Can You Trust Monte Carlo Models?

Includes: QQQ, SPY, XLU
by: Geoff Considine

I recently found an article about the use of Monte Carlo simulation for financial planning and it resonated with some comments that I have heard from people who are considering the use of this type of tool. The article, written by Moshe Milevsky and Anna Abaimova (of The Individual Finance and Insurance Decisions Center at Canada’s York University) appeared in July on the website of The Journal of Financial Planning. The article raises a number of common questions about the use of Monte Carlo tools for financial planning and serves as a nice focus for a discussion of the kinds of testing and validation that is required to make Monte Carlo programs useful for planning and managing a portfolio of real assets.

The title of this article, Will The True Monte Carlo Number Please Stand Up?, is a very good starting point for clearing up some points of confusion about the use of Monte Carlo models for planning. The focus of the article, as the title suggests, is that different Monte Carlo simulations can give different answers as to the survival rates of a generic portfolio for supporting a stream of retirement income. The authors compare six different Monte Carlo models in determining the sustainability of a theoretical retiree’s income.

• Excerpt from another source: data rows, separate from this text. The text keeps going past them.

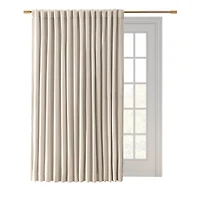 Ricardo Premium Velvet Rod Pocket With Back Tabs Patio Panel 100"W x 84"L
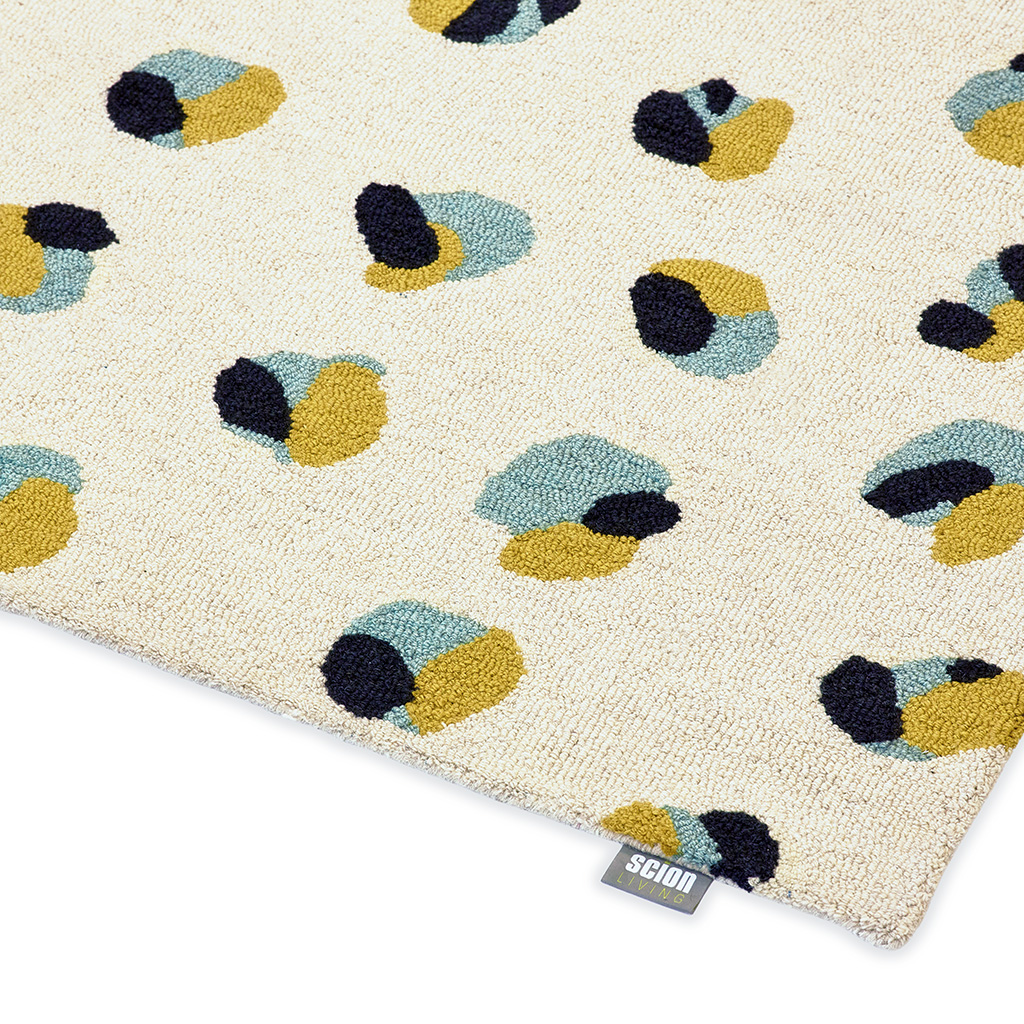 Leopard Dots-Pebble / Sage 125206 Rug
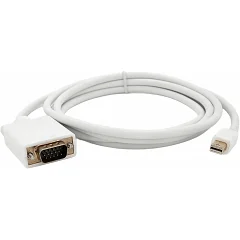 Конвертер mini Voltronic Display Port (папа) на VGA (папа), 1.8m, white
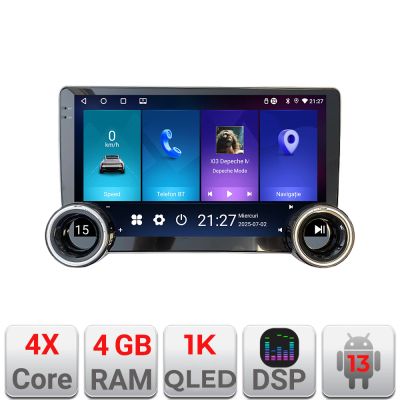 Navigatie SKODA SKODA OCTAVIA 2014-2020 Manual Kit-279 Edotec  4+64 10.5 inch Incell 1K android Wifi 5Ghz gps internet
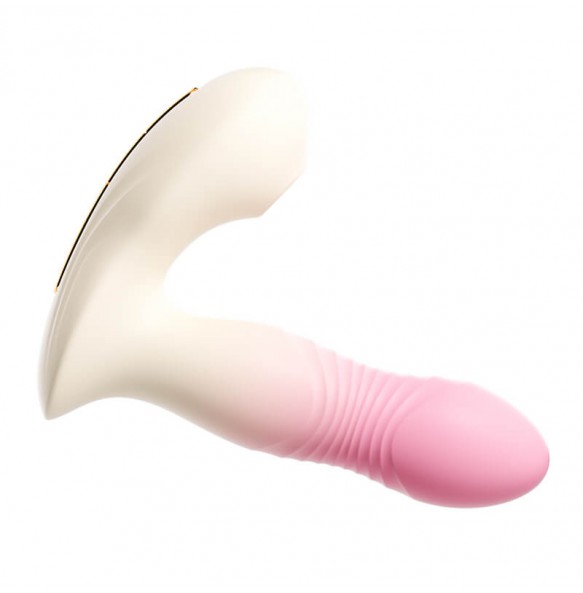 Ankni - Thrusting Vibrating Suction Wearable (Support APP Mini Programs - Pink) Ankni - Thrusting Vibrating Suction Wearable (Support APP Mini Programs - Pink)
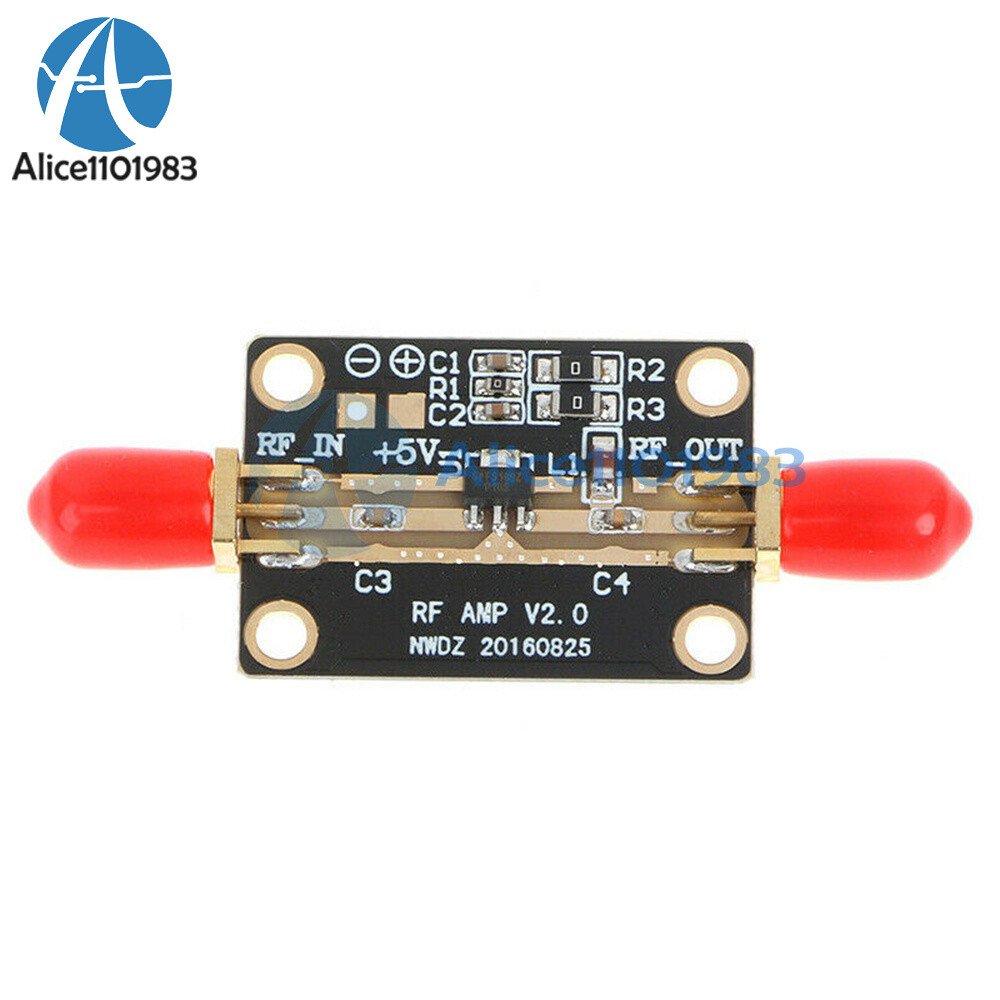 1-10PCS Low Noise LNA 0.05-4G NF=0.6dB RF amplifier FM HF VHF/UHF Ham Radio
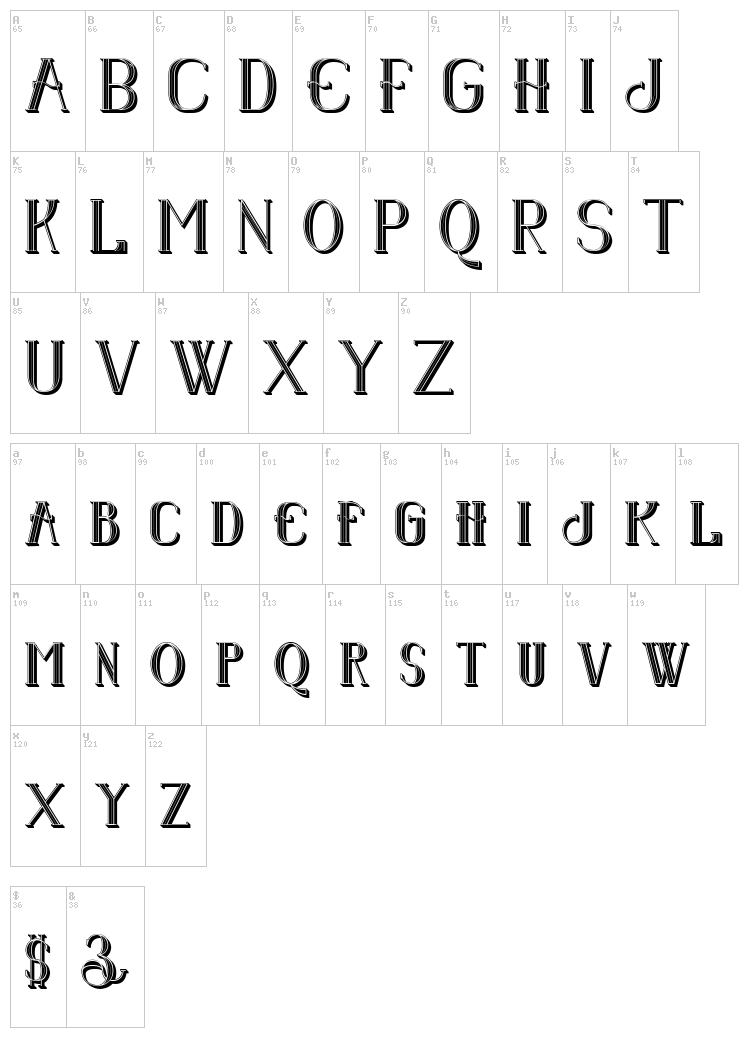 Senandung Malam font map
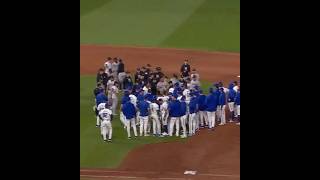 BENCHES CLEAR IN YANKEES VS ROYALS mlb baseball royals yankees sports [upl. by Deelaw333]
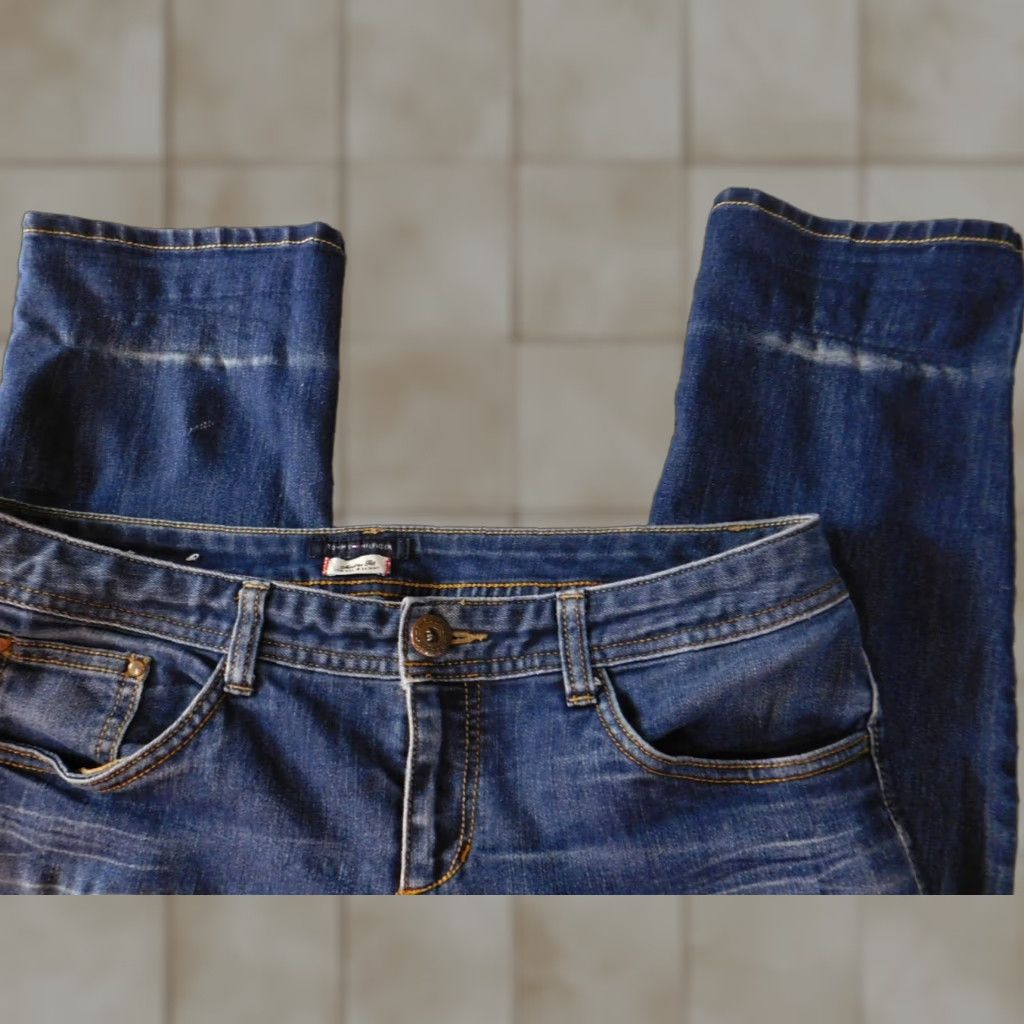 Tommy Hilfiger Tommy Hilfiger Womens Jeans 12 Blue Low Rise Skinny Modern Fit Denim Regular Size 34" / US 12 / IT 48 - 1 Thumbnail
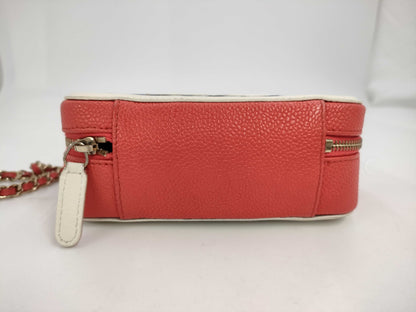 CHANEL CC Filigree Caviar Mini Shoulder Shoulder Bag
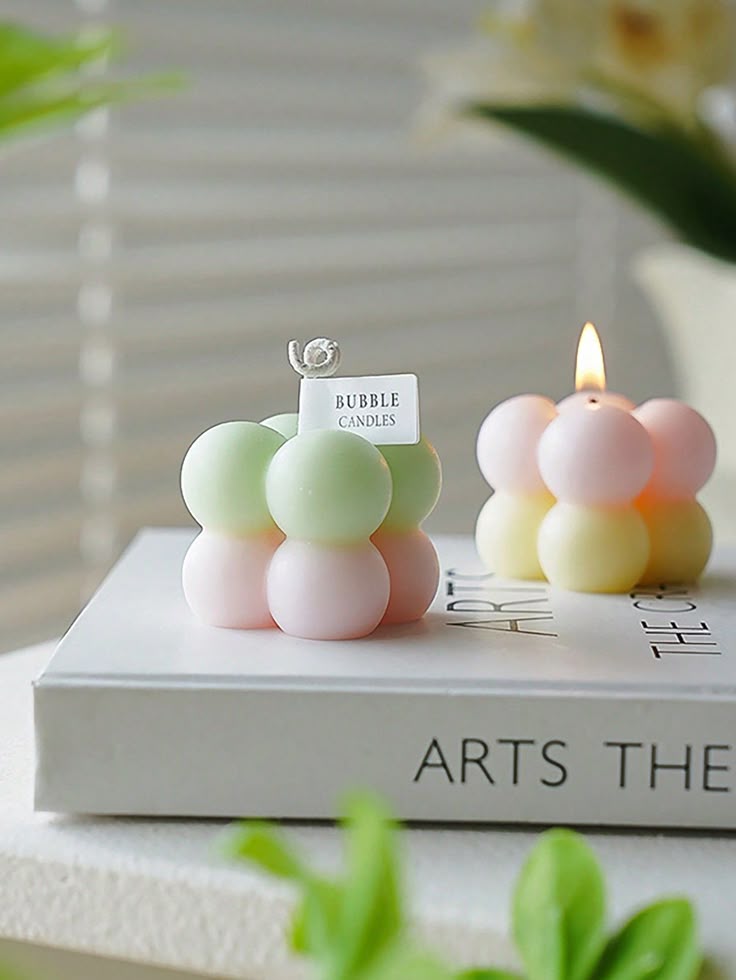 Premium Scented Mini Bubble Candles + Free Customised Message Card | Soy Wax | Multiple Fragrances & Colors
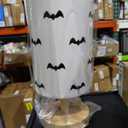 susiyo Pattern Bats Christmas Lights Bedside Table Lamp Woodland,Nightstand Lamps with USB Port Desk Lamps for Living Room Nursery Office Home Decor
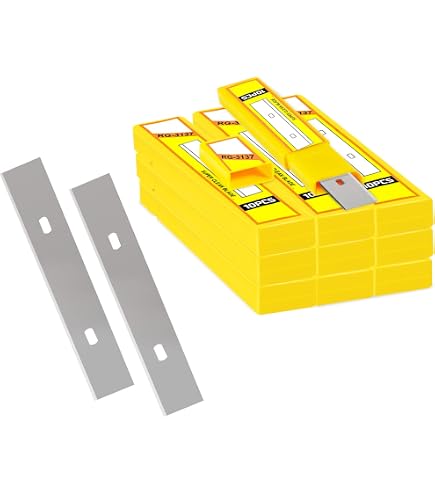 Aazon.co: Ettore 20291 4 Replaceent Blade, 1 EA, Steel, 10 per Pack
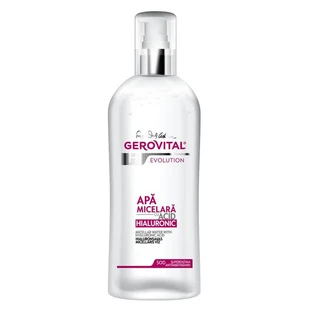 Agua micelar con ácido hialurónico Gerovital H3 Evolution, 150 ml, Farmec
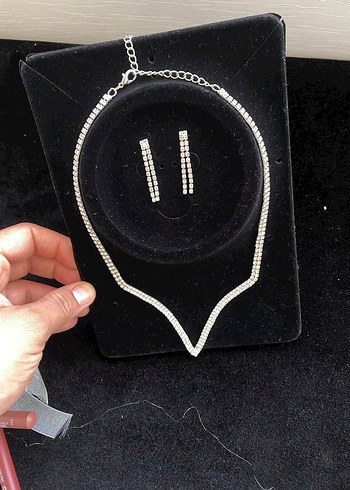 Gelin küpe kolye set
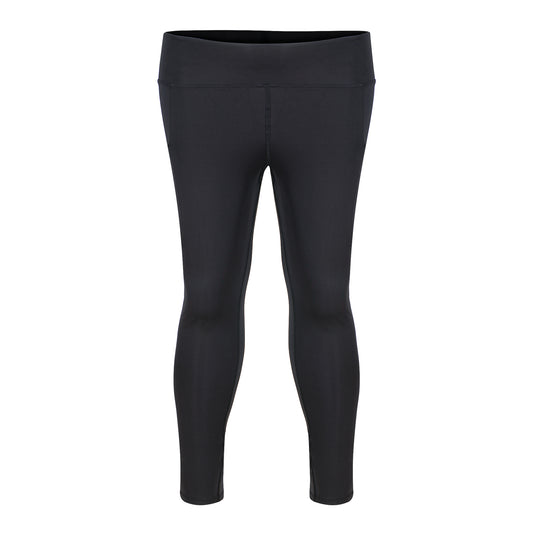 Black Invisible Zipped Pocket Leggings (women)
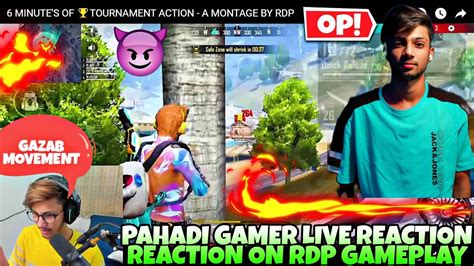 Pahadi Gaming Live Op Reaction On Rdp Tournament Gameplay Insane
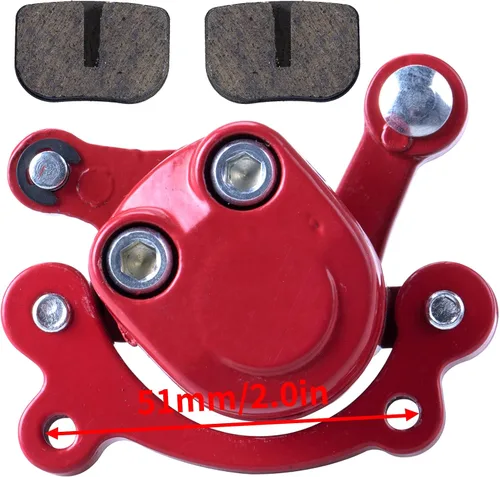Vista 5 de Pinza de freno de disco trasera delantera con pastillas de freno compatible con Motovox MBX10 MBX11 Mini Dirt Bike MM-B80-BR 80CC 2.5HP Moto Classic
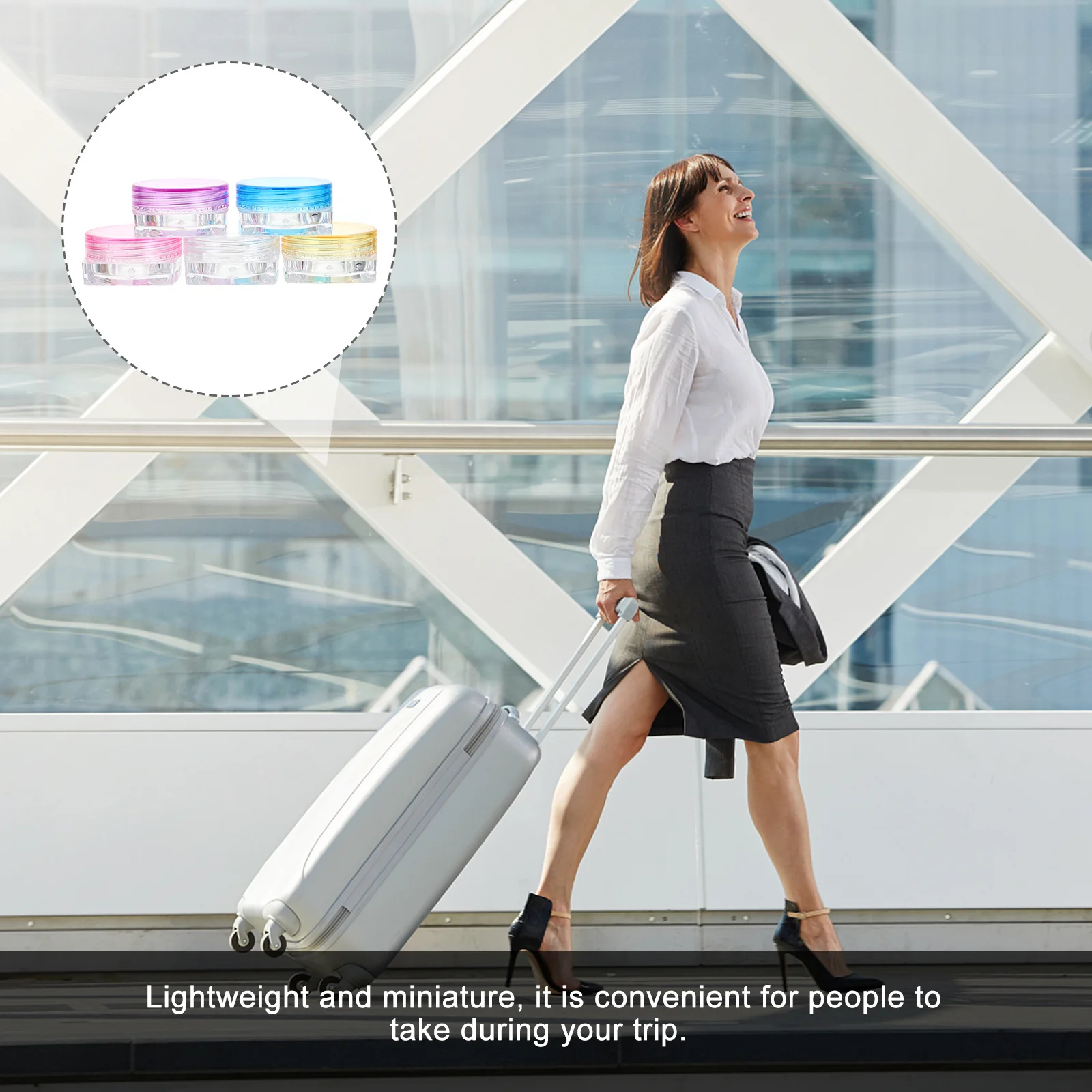 

50Pcs Face Cream Jars Empty Storage Containers Durable Lightweight Leakproof Portable Sample Boxes for Travel Makeup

In this study, the authors started with the assumption that his “entire nest egg was assumed to be invested and rebalanced in a portfolio of diversified equities which was projected to earn an arithmetic average 7 percent (after inflation) each year, which is equivalent to a geometric average of 5 percent with a standard deviation or volatility of 20 percent.” They then attempt to compare the six different Monte Carlo models. Some of the models project survival rates for specific time horizons (the probability of the portfolio sustaining a specific level of income for a specific period of time) while two the models fold in mortality rates—which means that they calculate the odds of being able to sustain an income until death, where your age at death is uncertain. Needless to say, there are significant differences between these models—largely because the underlying assumptions are different. The authors discuss the large range of differences as though there is problematic or odd here:

“Our first reaction was to blame the programmer or manufacturer of the [Monte Carlo models] for building a faulty product. Like all high-tech gadgets on the market, some are better than others, but that is a simplistic, knee-jerk reaction. The true reason for the divergence of results is more complicated and subtle…”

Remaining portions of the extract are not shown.